Excerpts from a dataset:
***

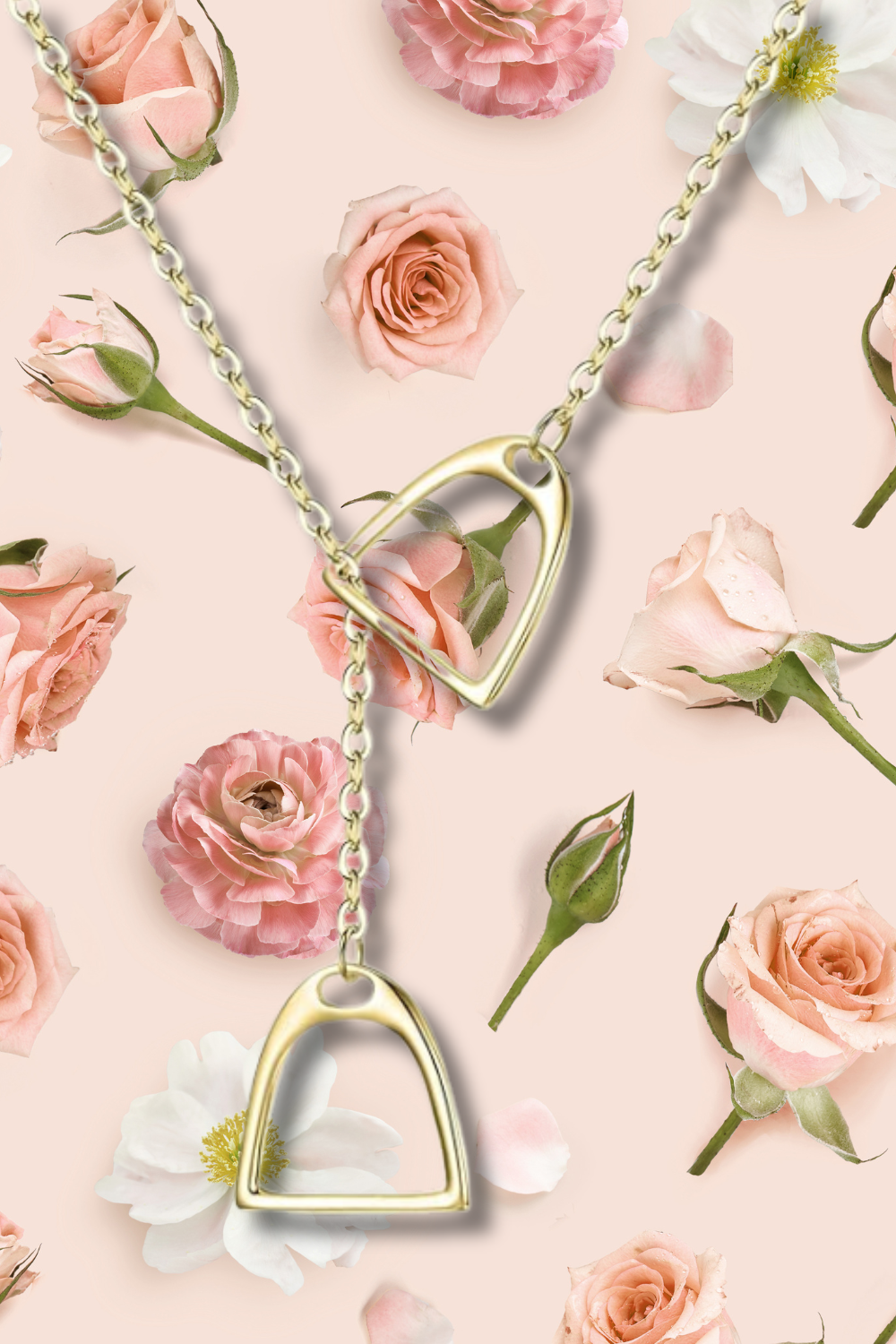 A gold heart-shaped necklace chained over a background of pink and white roses and flower petals.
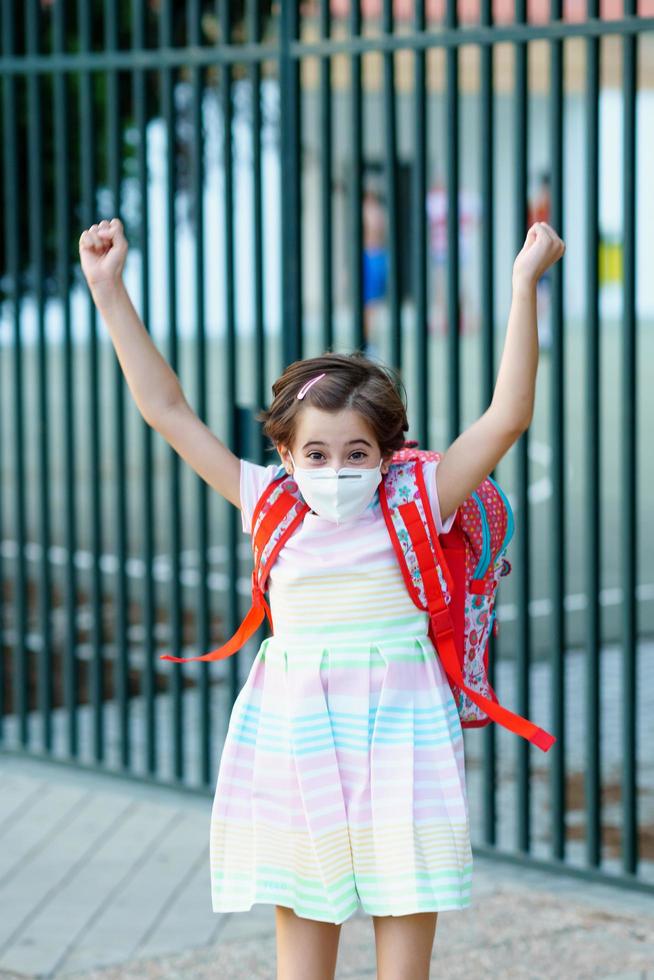 flicka som bär en mask tar ett hopp av glädje över att gå tillbaka till skolan. foto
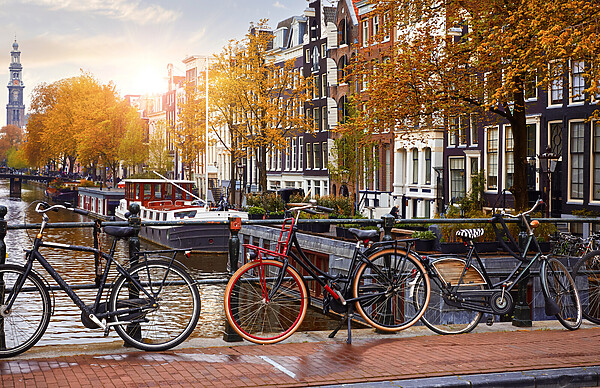 Three bicycles lean again a railing overlooking a canal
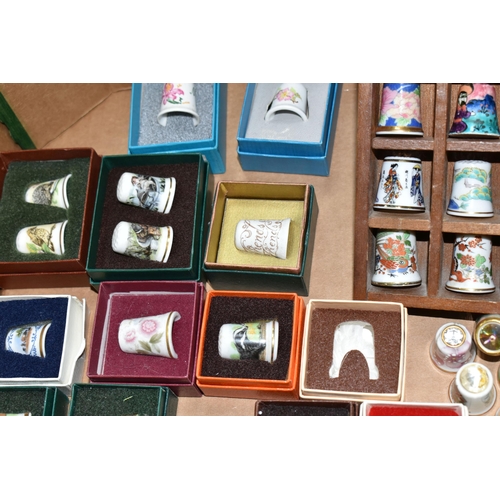 502 - A BOX OF GLASS, CERAMIC AND METAL COLLECTORS THIMBLES, to include forty-three boxed examples, Britis... 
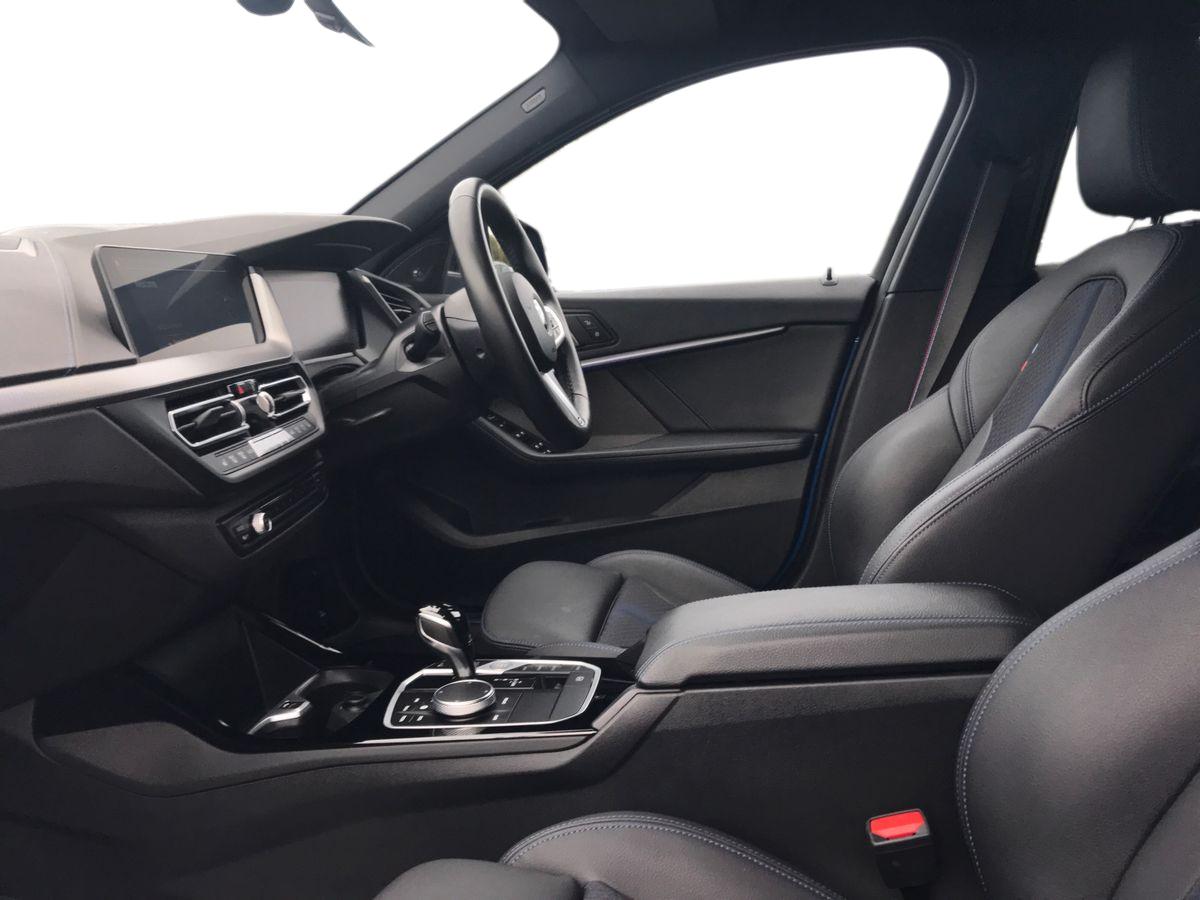 2024 BMW 1 Series BMW 1 SERIES 118i [136] M Sport 5dr Step Auto [LCP] Front sports seats, Height adjustable front head restraints, 3 rear seat head restraints, 3 seat bench in 2nd row, Driver and front passenger seat heating, Child seat ISOFIX attachment for two outer rear seats and front passenger seat with anchorage points, Single front passenger seat, M sport suspension, Anti roll bar front and rear, Drive Performance Control, Twin tube gas filled shock absorbers with degressive characteristic curve, On board computer, Personal Profile, BMW Teleservices, Optimum shift indicator, Oil sensor for level and grade, Check Control warning system for monitoring of lights and door/luggage compartment open warning, Integrated owners handbook, BMW ConnectedDrive online services, Rigidly mounted rear subframe - Multi link construction with separate spring / damper configuration and excellent driving characteristics, Locking wheel bolts, Central locking switch for all doors, fuel filler cap and luggage compartment, Thatcham Cat.1 alarm and immobiliser, Deadlocking function system to all doors, Remote control with integrated key with High-gloss Black inlay and M designation and 1 button for open/ close lock, window, open luggage compartment, Drive away locking system on all doors and luggage compartment with de-activated in iDrive settings, Wheel slip limitation close to the actuator (ARB), Start/stop button illuminated in centre console with keyless engine start and auto start stop deactivation button, Side impact protection, Seatbelt warning, Warning triangle and first aid kit, Tyre pressure monitoring system, BMW emergency call, 2 tone horn, Driver and front passenger seat belt security check, 3 point seatbelts on all seats, front pyrotechnic belt tensioners, stopper and belt force limiters, rear coded belt buckles, Child proof locking system in rear door, Crash sensor activating central locking release, hazard warning lights, fuel cut off, interior lighting + activation of safety battery terminal clamp, Airbags - Front driver/passenger, front and rear curtain head protection, front side, manual deactivation of front passenger airbag, Crash sensor activating of airbags, Unlocking doors, hazard warning lights, interior light, safety battery terminal, Anthracite headlining, Manual adjust steering wheel, Glove compartment, Front armrest, Multi-function controls for steering wheel, Folding rear clothes hook, Storage compartment in luggage compartment, Storage compartment in centre console, Front and rear door pockets with bottle holders, Conditioned based service, Four grab handles integrated in roof lining, Front and rear side armrest integrated into door trim, Driver and front passenger backrest net on rear, Dakota leather upholstery with perforation and contrast stitching, Driver side folding compartment in instrument panel, 12V power socket in front centre console with blanking plug, Type C two USB ports in rear centre console, Stowage of the parcel shelf in luggage compartment trim, 3 spoke sports leather steering wheel with black leather and stitching, pearl chrome decorative finish, specific M Badge, Two front centre console cupholders, Luggage compartment for bag hooks on left and right, foldable luggage compartment liner and two lashing eyelets, Luggage compartment for bag hooks on left and right, foldable luggage compartment liner and four lashing eyelets, Cargo function on 2nd seat row, Black boot net with lashing eyes, Body colour door handles, Shark fin antenna, Visible VIN plate, Front and rear bumper system with replaceable deformation elements, Lightweight engineering, Chrome 'M' logo side designation, Body colour roof trims, Fading support, Matt black air guide grilles, Chrome kidney grille frame with Satin Aluminium struts, Front door sill finishers in black plastic with M designation in metallic look, High gloss shadowline window frame, Recess cover mirror frames and B/C pillar embelisher trim, Model designation on electric bootlid, Chrome exhaust twin tailpipes round 90mm in left, Matt black wheel arch trim, Rear side wing doors, High level third brake light, Follow me home headlights, Automatic headlight beam throw control, Welcome lighting, LED daytime running lights, LED Headlights, LED front fog lights, Rear fog lights, Direction indicator side lights in exterior mirrors, Nearside reverse light in rear light cluster, LED eyebrow turn indicators, Preparation for high beam assistant, Auto dimming rear view mirror, Body colour mirror caps, Heated, electrically adjustable exterior mirror aspheric on driver side, convex on passenger side, Folding side mirrors with auto dimming/folding wing mirrors with auto dimming, Electrically adjustable exterior mirror with mirror adjustment switch on drivers armrest and aspheric on driver side, convex on passenger side, Cornering brake control, Dynamic Traction Control - DTC, Brake drying, Front and rear disc brakes, Anti lock braking system (ABS) with brake assist, Braking readiness, Dynamic stability control + (DSC+), City braking function, Electrically operated hand brake including automatic hold function, Comfort modes, Lane departure warning system, Cruise control with brake assist, Speed limiter, Attentiveness assist, Active guard plus, Cruise control with speed limiter, Front axle single joint with specific axle kinematics to minimise drive influences on steering + provide increased rigidity agile driving behaviour, Speed limit Info including no-overtaking indicator, Ambient interior lighting, DAB Digital radio, Stereo speaker system with 2 mid range speakers in the front door trims and rear parcel shelf + 2 central bass speakers underneath the front seats, Interior lights pack - 1 Series, Connected pack professional - 1 Series, M Sport exterior styling aerodynamics pack - 1 Series, Additional interior lighting pack - 1 Series, Additional storage compartment pack - 1 Series, BMW live cockpit professional pack- 1 Series, Additional storage compartment pack with code 493 -1 series, Electronic differential lock, 7 speed automatic transmission with double clutch technology, Petrol Particulate Filter, High precision injection, Balancer shaft, VALVETRONIC engine management, Aluminium lightweight construction, Double VANOS twin scroll turbocharging system, Velour floor mats, Floor mats in anthracite velour with contrasting colour seam to match contrast stitching on instrument panel, Rear window wiper, Green tinted heat protection glazing, Front and rear electric windows with open and close fingertip control, anti trap facility and comfort closing, Automatic windscreen wipers and automatic headlight, Integrated front windscreen with washer jets, Reduced rolling resistance tyres, Electrically powered 12V compressor, Eco pro mode, Pull away assistant, Two zone automatic air conditioning, Contrast stitching on instrument panel, 18" Burnished M double spoke bi-colour alloy wheels finished in orbit grey - style 819M, Sun visors with vanity mirrors and insert tab, Bluetooth / WiFi interface for wireless connection of mobile terminal devices and audio streaming, Trailer stabilisation logic - vehicle photo 5 for sale on PureCar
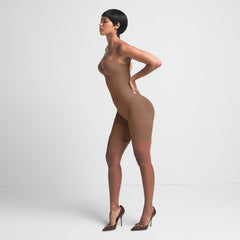 SEAMLESS SCULPT BUTT LIFTING OPEN BUST BODYSUIT | JASPER ON A MODEL SIDE VIEW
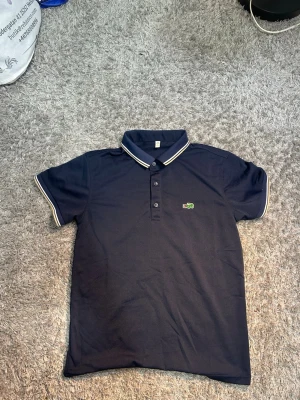 Mörkblå pikétröja från Lacoste - Snygg mörkblå pikétröja från Lacoste med klassisk krage och vita ränder på krage och ärmslut. Tröjan har korta ärmar, tre knappar framtill och den ikoniska gröna krokodilloggan broderad på bröstet. Perfekt för en stilren och sportig look.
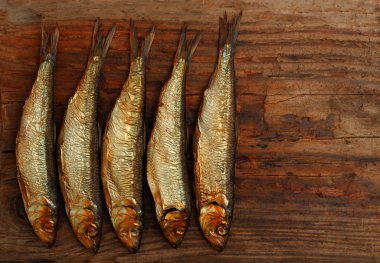 herring sprat fish smoked wooden table clipart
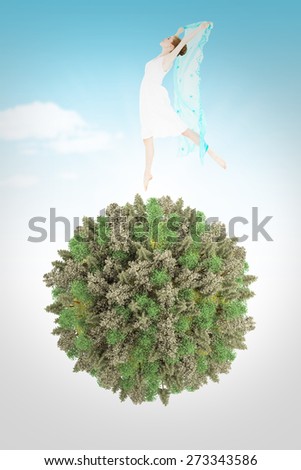 Young beautiful female dancer with blue scarf against blue sky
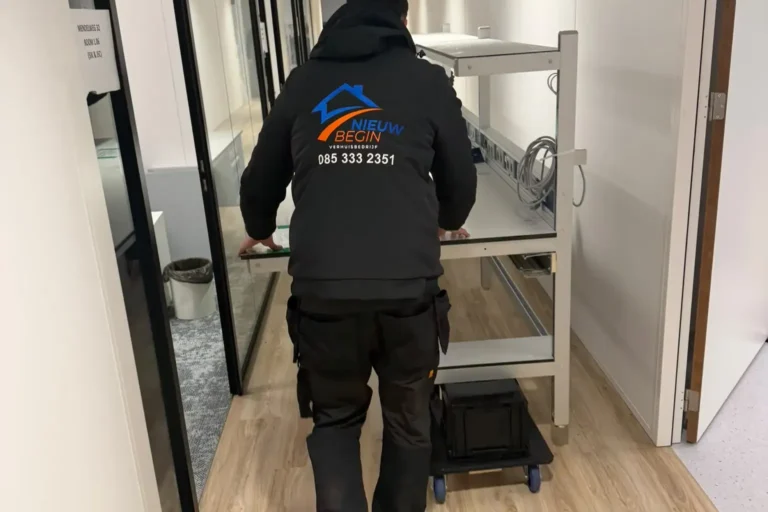 Verhuizer rijdt een kar door een kantoorgang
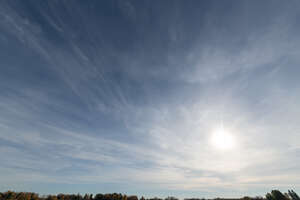 daytime sky with sub and thin clouds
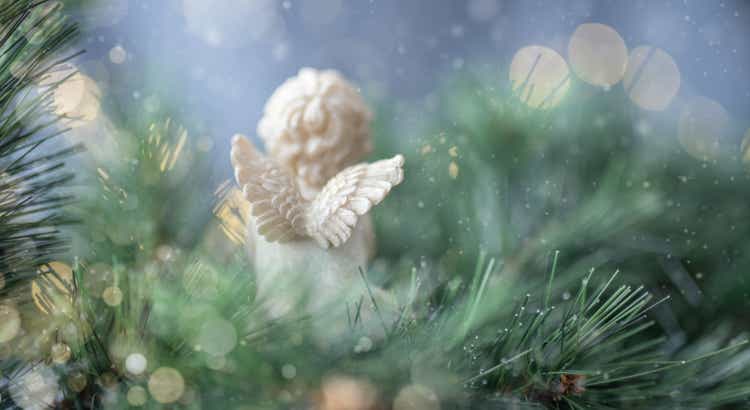 back view of angel praying on christmas tree background and golden lights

***

■ ABOUT THIS TASK ■
Up to and including the line that holds "502 - A BOX", restate word for word each line of the records from their start, and only those lines, leaving out the pictures.

■ RESPONSE AREA ■
 A gold heart-shaped necklace chained over a background of pink and white roses and flower petals.
 flicka som bär en mask tar ett hopp av glädje över att gå tillbaka till skolan. foto
 Three bicycles lean again a railing overlooking a canal
 502 - A BOX OF GLASS, CERAMIC AND METAL COLLECTORS THIMBLES, to include forty-three boxed examples, Britis... 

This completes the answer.